My naïve thinking in the area has been characterised by the assumption that the process is rather static or linear, and that the problem we’re facing is broadly the same every time; migrate data from a format that’s about to become obsolete or unsupported, onto another format that’s stable, supported, and open. MS Word document to PDF or PDF/A…now that, I can understand!
In fact, I learned at least two ways of thinking about formats that hadn’t occurred to me before. One simple one is costs; some formats can cost more to preserve than others. This can be calculated in terms of storage costs, multiplied over time, and the costs associated with migrations to new versions of that format. For example, we’ve tended to pin our faith on the TIFF format for images for many reasons, but there’s a high storage price to be paid for all that wonderful losslessness. This may be one reason why the DP world is looking with more favour on the JPEG2000 format, which is ‘virtually’ lossless and smaller in size.

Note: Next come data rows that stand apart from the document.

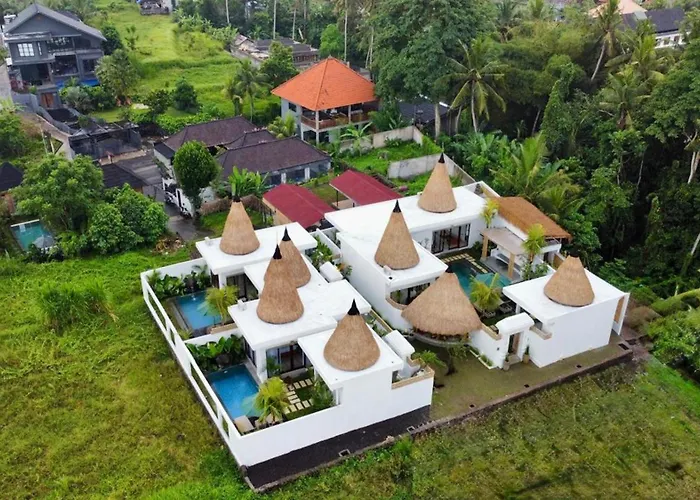 Golden Bee * Ubud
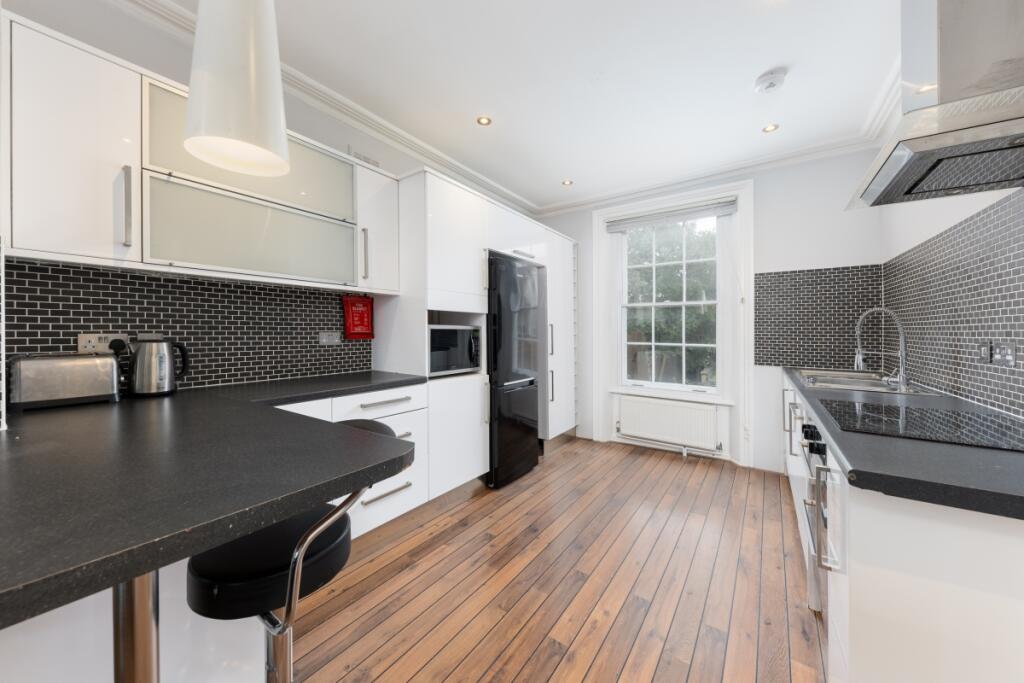 Camden Road 282 T...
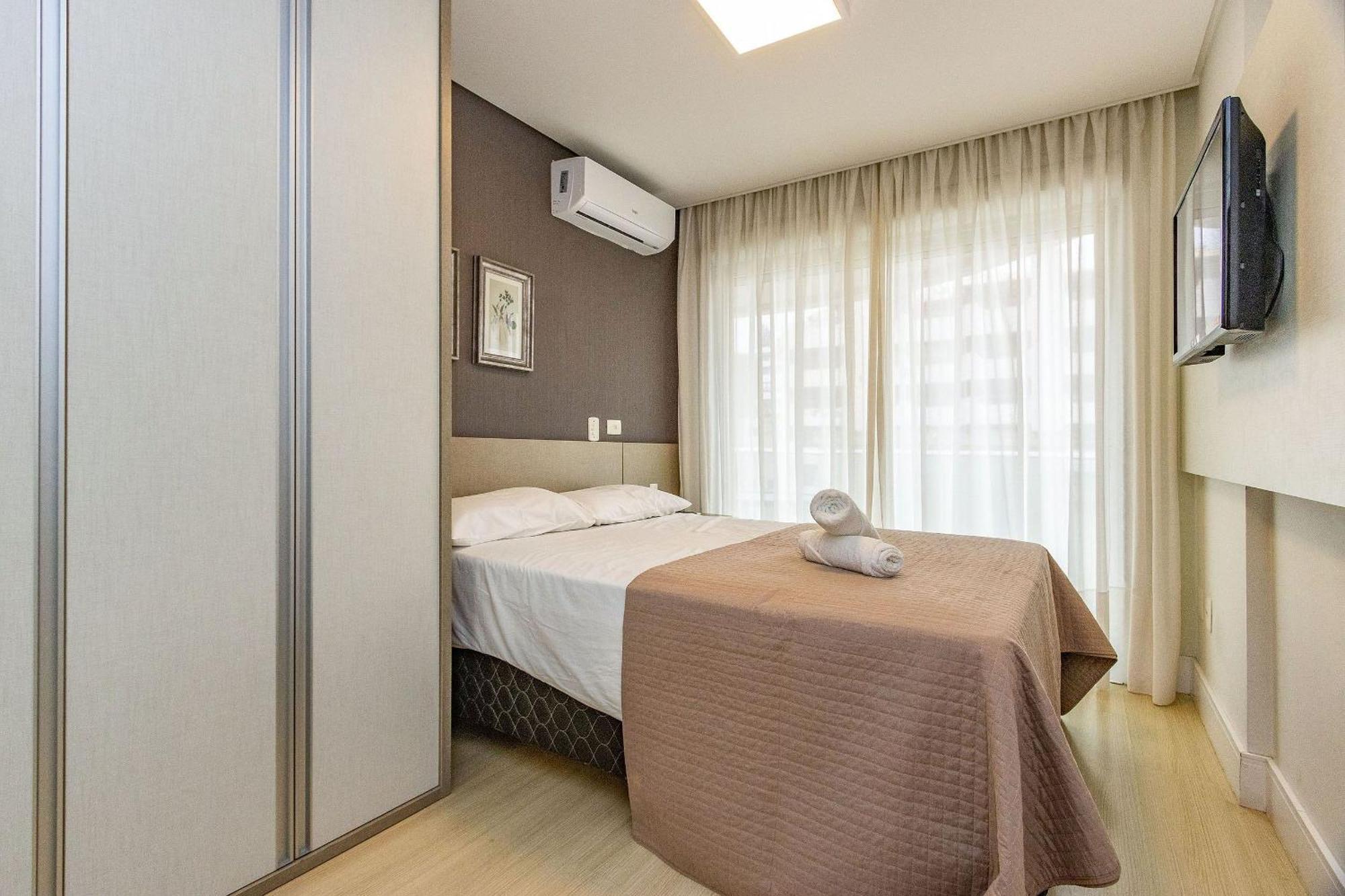 Boulevard 224D - Excelente Apartamento Em Condominio De Luxo No Centro De Bombinhas - Piscina - Jacuzzi - Academia - Portaria 24H. Bagian luar foto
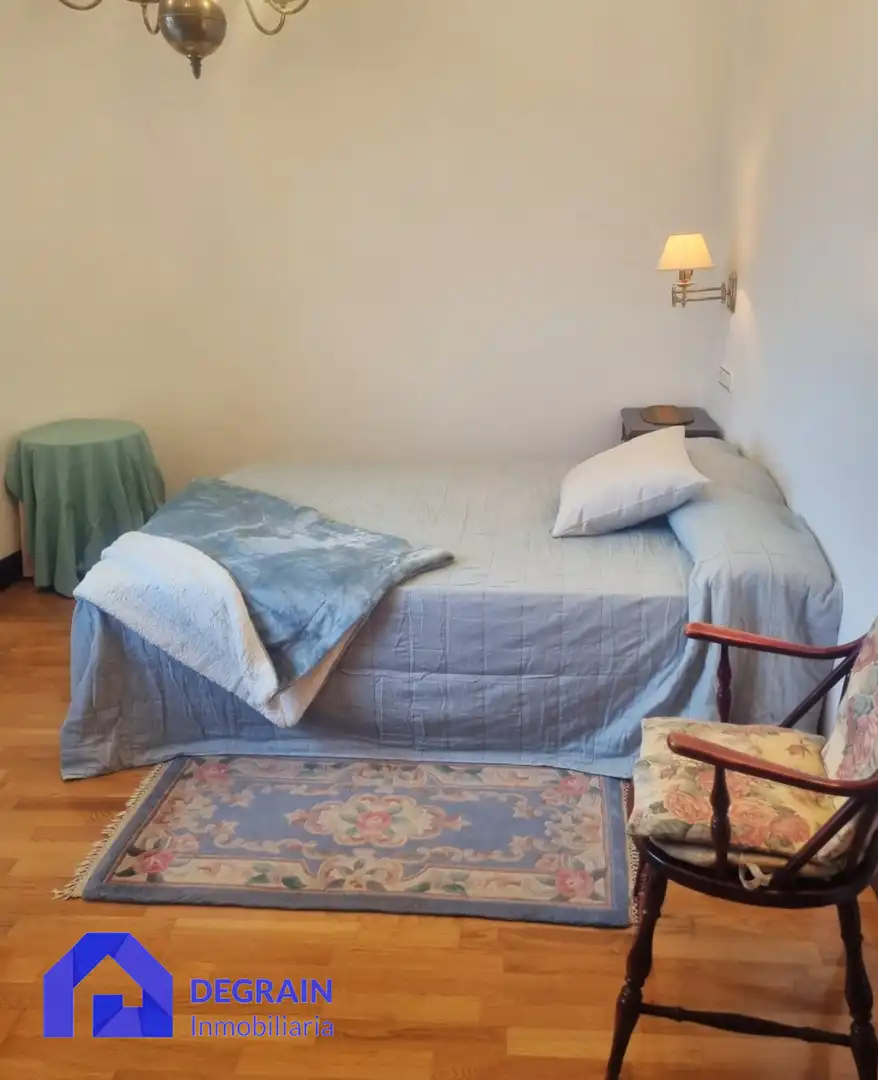 Schlafzimmer von Wohnung zur Miete in Oviedo  mit Heizung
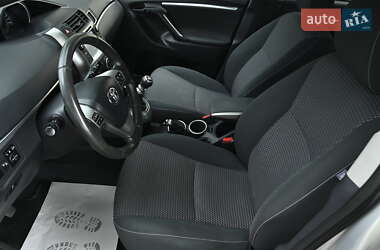 Мінівен Toyota Verso 2015 в 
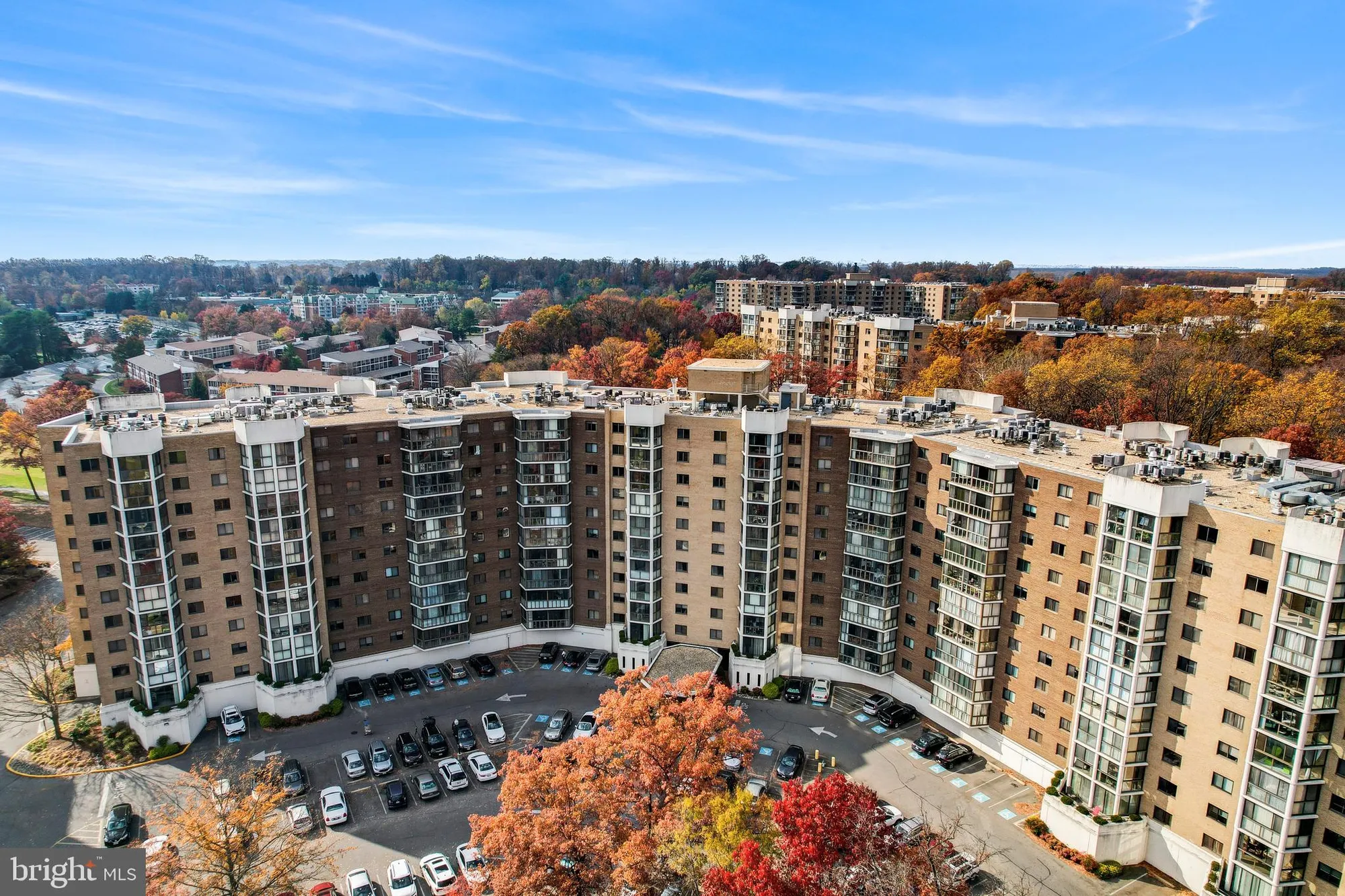 Property Slideshow image 42 of 44 | 15101 interlachen dr 1-416, Silver Spring, MD, 20906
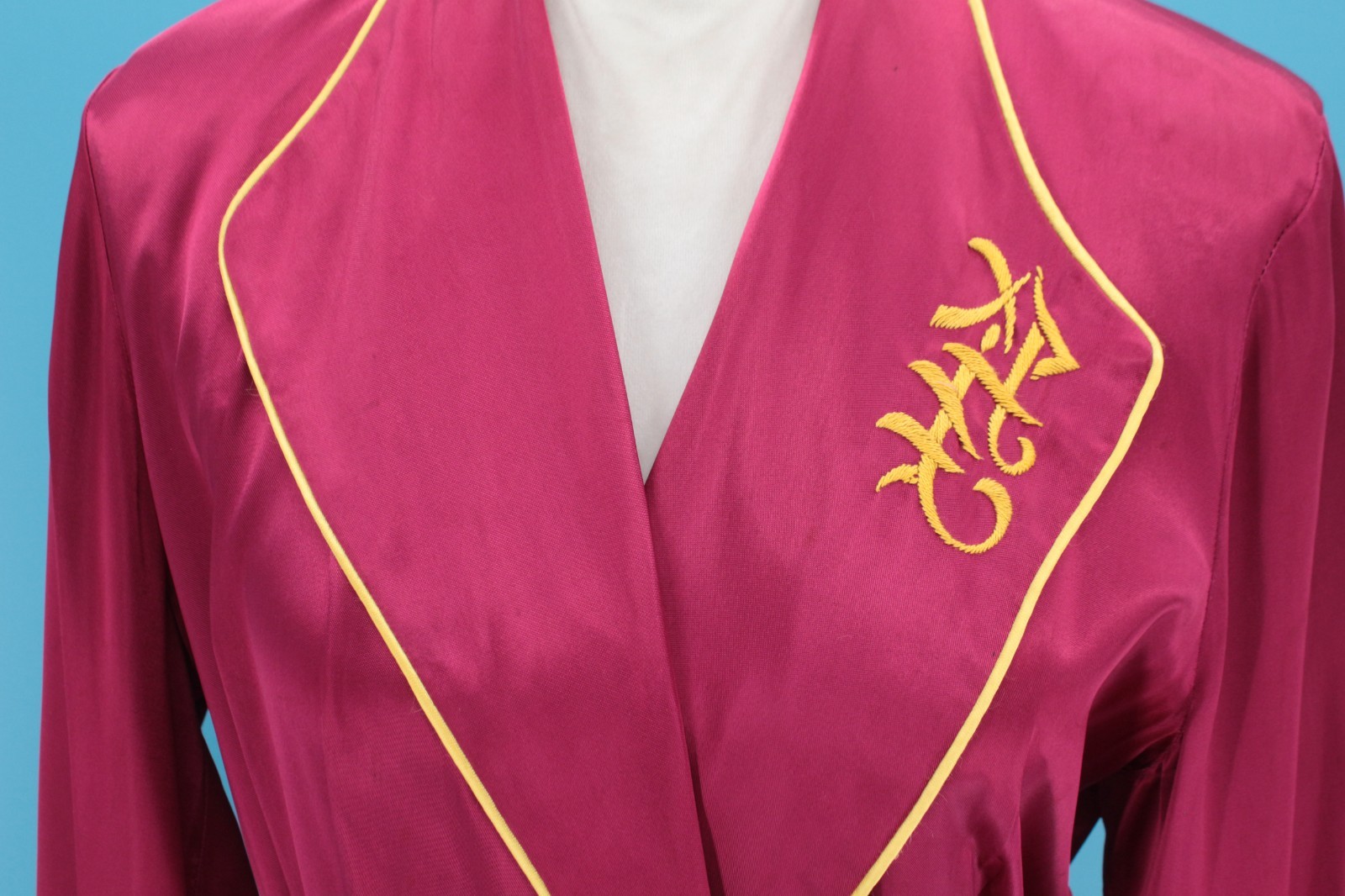 VTG Women’s 40s Magenta W/ Yellow Trim Asian Robe Sz S 1940s Satin Rayon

Secondly, the problems of preserving digital data which doesn’t actually have a specified stable preservation format. Chris Puttick of Oxford Archaeology gave a vivid description of the problems he’s facing with CAD and GIS files, where the data can’t easily be tied to a single format in the first place (nor can a stable format for migration be identified). As the NLA put it on their PADI page, “At present there is little dealing specifically or comprehensively with the preservation of this particular type of data, although some aspects of database preservation are applicable to GIS. Some long term preservation issues include a lack of open source formats and metadata standards, large data volume and complex data objects.” Puttick suggests that his data doesn’t really perform at all unless it’s operated within a very specific environment of hardware and software. How do we preserve an environment? This appears to be quite a distinct preservation problem and much harder to solve than Word to PDF, to put it mildly.
William Kilbride suggested that such cases (and websites too, arguably, because they are time-based) are more like a stream of data – a handy image which conveys something about the dynamic of such information packages, and showing us that it’s much harder to nail them down into a single format. You can never step into the same river twice.